-- GIVEN INFORMATION follows --

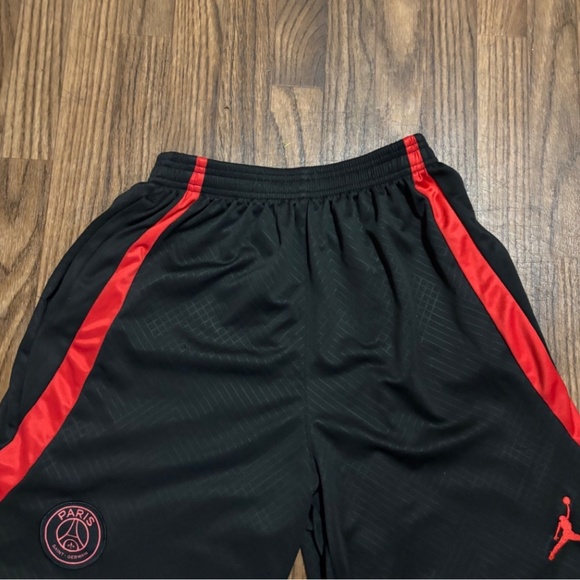 Jordan * Paris Saint Germany PSG Training Shorts * Elastic Waist Size 2XL - Picture 9 of 10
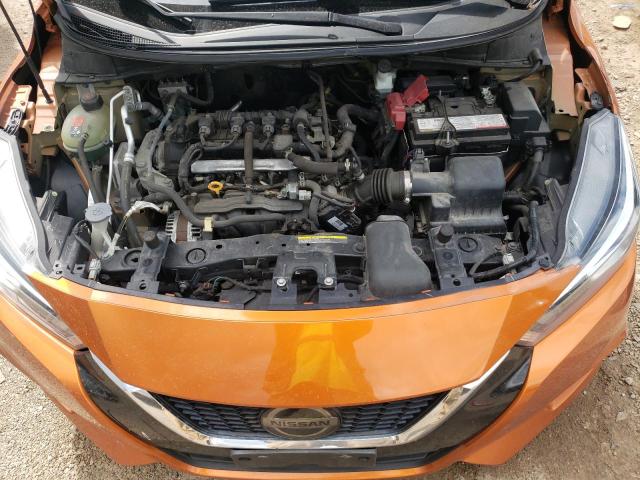 3N1CN8EV5LL812535 - 2020 NISSAN VERSA SV ORANGE photo 11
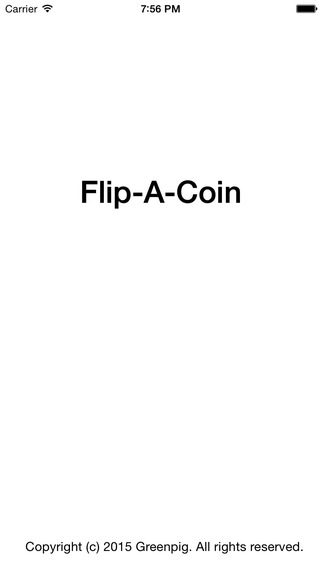 Flip-A-Coin - Coin Flip Decision Maker Decider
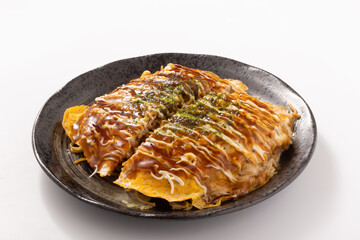 チーズ入り　広島風お好み焼き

-- GIVEN INFORMATION concluded --

WHAT THE TASK ASKS:
Restate the listing above word for word, and skip the pictures.

WRITTEN ANSWER:
 Jordan * Paris Saint Germany PSG Training Shorts * Elastic Waist Size 2XL - Picture 9 of 10
 3N1CN8EV5LL812535 - 2020 NISSAN VERSA SV ORANGE photo 11
 Flip-A-Coin - Coin Flip Decision Maker Decider
 チーズ入り　広島風お好み焼き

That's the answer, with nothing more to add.